小宮一慶・小宮コンサルタンツ代表小宮一慶
小宮コンサルタンツ代表

 今年は自然災害が多く発生しました。被災地の状況が報じられる中で、工場や事務所が被災した、販売先や顧客が被災して売り上げが減少した、仕入先が被災して原材料などの供給が停止した、従業員が出勤できなくなった…といった企業の苦境が伝えられました。

 突然起こる災害などの危機に対し、経営者はどのような準備をしておけばいいのか。多くの経営者は、BCP(事業継続計画)の策定を思い浮かべるかもしれません。それももちろん大事なことですが、最大の備えは「自社でコントロールできるお金を持つこと」です。つまり、事業で高収益をあげて、その一部をキャッシュやそれに近い性格を持つ金融商品で蓄えておくということ。

 このコラムでも何度かお話ししましたが、私の高収益企業の定義は、「付加価値の2割の営業利益を出していること」です。付加価値とは、売り上げから仕入れなどを引いた自社でつくり出した価値のこと。差別化された商品やサービスを顧客に提供し、従業員に十分な給料を払った上で利益を確保し、それを蓄えておく。危機に備える経営の鉄則です。

 このことは、松下幸之助さんがおっしゃった「ダム経営」にも通じます。ダム経営とは、普段からダムに水をためておくと日照りの時にも安定して下流に水を供給できるのと同じように、普段からヒト、モノ、カネに少し余裕を持ち、安定的な経営を進めることです。特に、資金はとても重要です。

 生み出した利益を遊びに使うことなどはもっての外ですが、会社の将来のためといえども、すべてを設備投資などに使ってしまってはいざというときに「コントロールできるお金」を持つことができません。
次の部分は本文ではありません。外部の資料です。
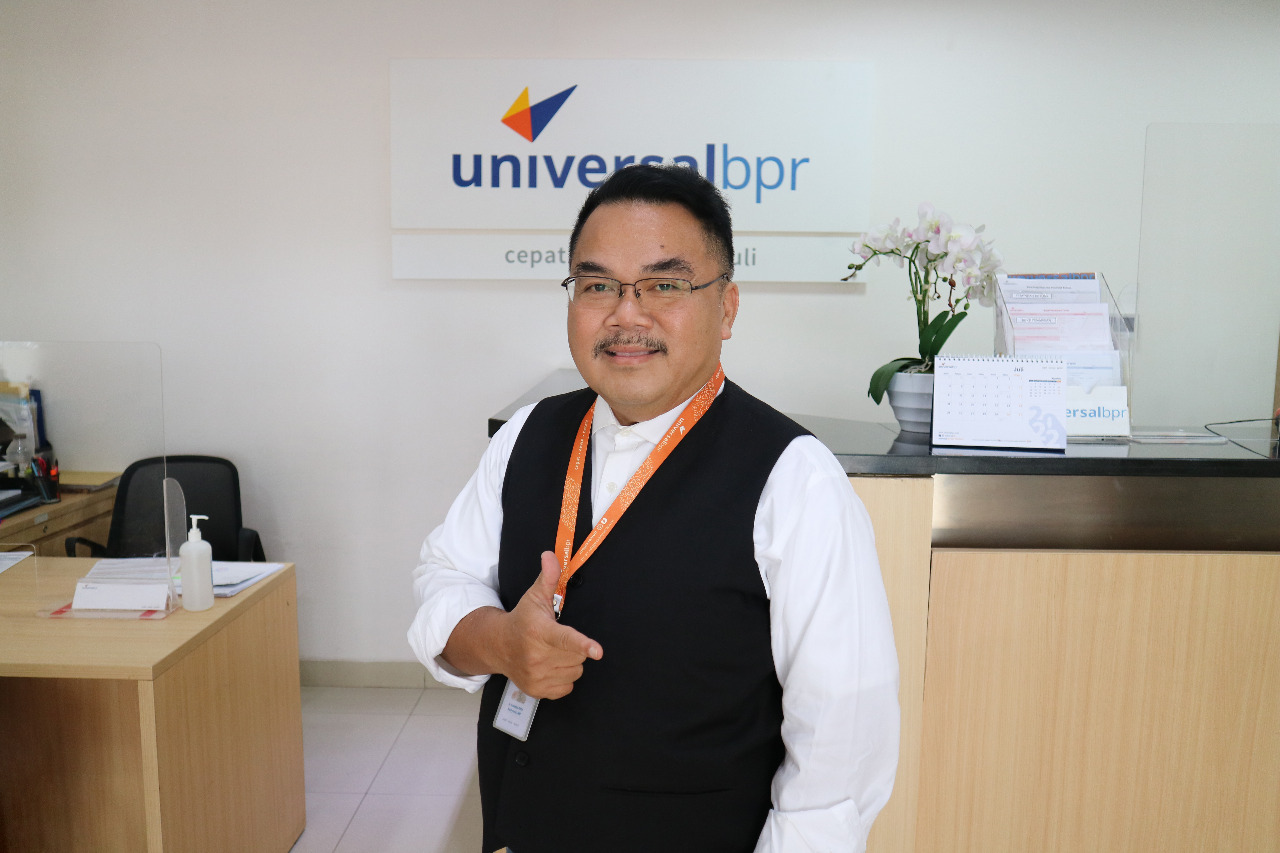 Direktur Utama Universal BPR Susatyo Anto Budiyono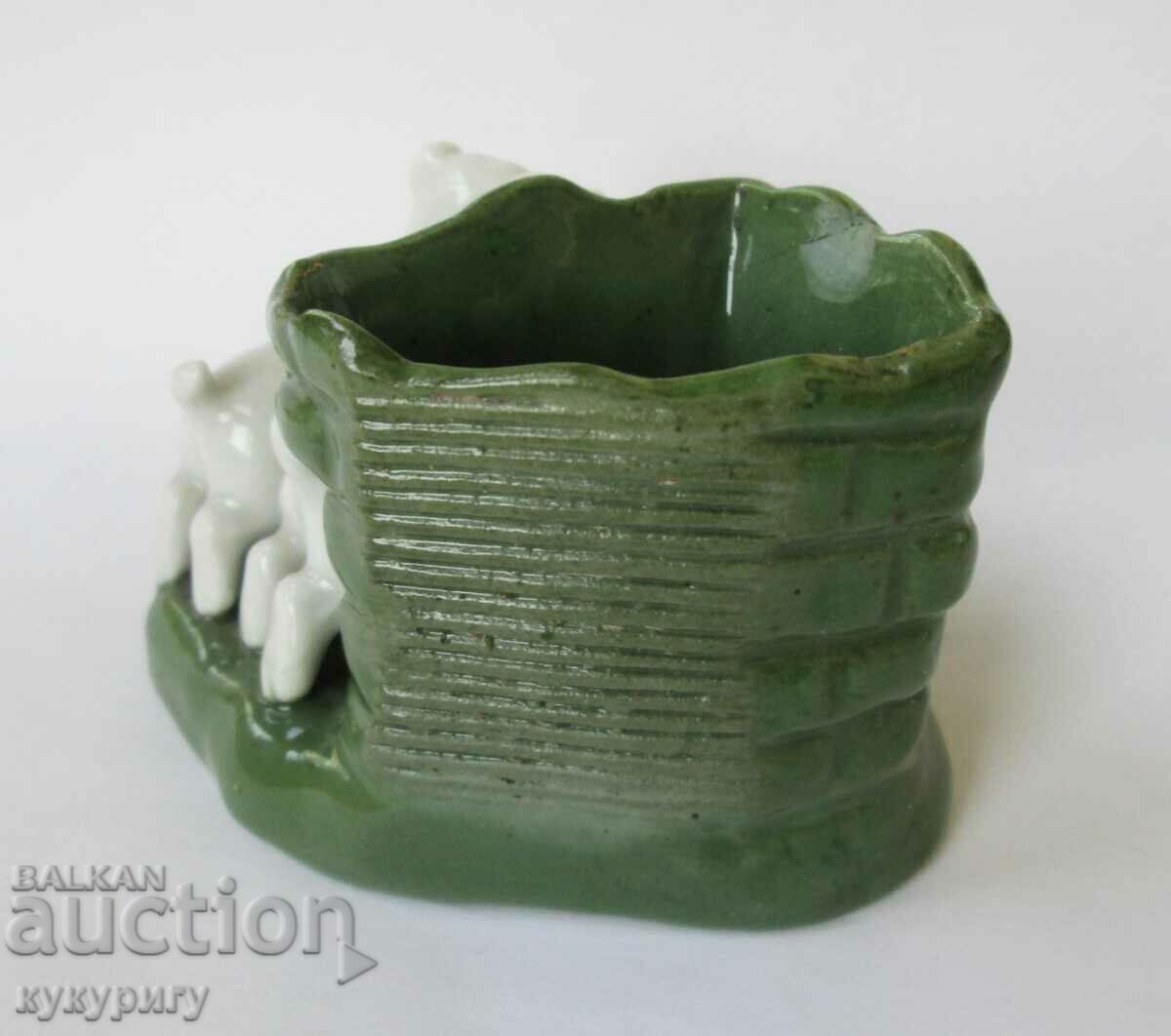 Old porcelain figure figurine and vase with two dogs - 6 Old porcelain figure figurine and vase with two dogs - 6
いざというときのためにお金を蓄えておくことが大切なのです。

 会社に資金の余裕があれば、被災して操業を停止しなければならない状況になっても、持ちこたえることができるでしょう。被害に遭った従業員を休ませて、しばらく自宅の復旧に専念してもらうことも可能です。しかし、余裕がないと操業停止や倒産、廃業ということにもなりかねず、従業員に給料が払えず解雇することになり、大変な状況にある従業員にさらなるダメージを与えてしまいます。